Distributed Wind Resource Assessment for Small, Kilowatt-Sized Wind Turbines using Computational Flow Modeling Software
Author(s) -
Thomas L. Acker,
B. Bhattarai,
R. Shrestha
Publication year - 2020
Publication title -
journal of physics. conference series
Language(s) - English
Resource type - Journals
SCImago Journal Rank - 0.21
H-Index - 85
eISSN - 1742-6596
pISSN - 1742-6588
DOI - 10.1088/1742-6596/1452/1/012013
Subject(s) - wind speed , wind power , turbine , renewable energy , grid , software , computer science , wind resource assessment , environmental science , work (physics) , reliability engineering , meteorology , marine engineering , simulation , wind direction , engineering , electrical engineering , mechanical engineering , physics , geometry , mathematics , programming language
A major challenge in deciding to invest in a wind energy system as part of an off-grid, small-scale renewable energy system is accurately estimating the annual energy production (AEP).
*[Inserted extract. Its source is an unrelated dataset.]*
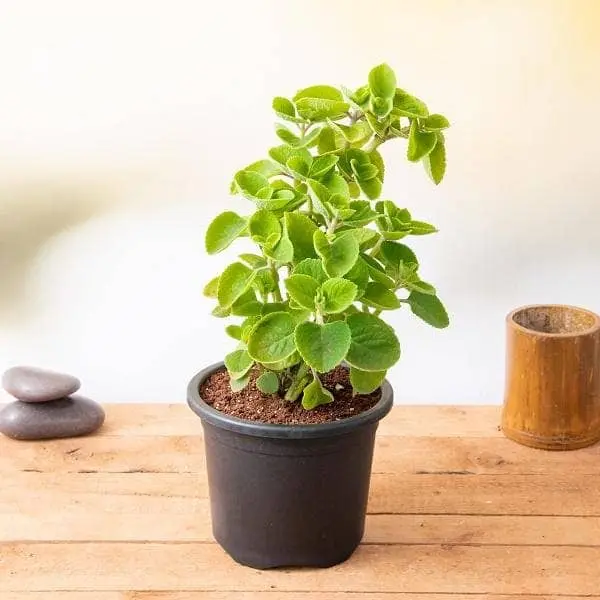 Ova, Ajwain Leaves - Plant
Computational models hold promise to provide useful distributed wind resource assessment information at a reasonable cost. This paper describes the methods employed and results obtained from using wind flow modeling software, in this case Meteodyn WT, combined with wind speed data to predict the AEP of a 2.4 kW Skystream 3.7 wind turbine, and compare the AEP to measurements. Results showed AEP prediction errors ranging from <5% to ∼80% depending on the nature of the wind speed data used. Using a single wind speed data source could lead to an acceptable AEP (<10% error), but could well lead to much higher errors. Two methods of addressing this problem were demonstrated: 1) average several AEP predictions made using single wind speed data sources; or, 2) use multiple data sources simultaneously when making an AEP prediction. The latter of these two appears the most promising with lower errors in AEP. Another significant result of this work was demonstrating that using NREL Wind Toolkit wind speed data can produce good results in predicting AEP.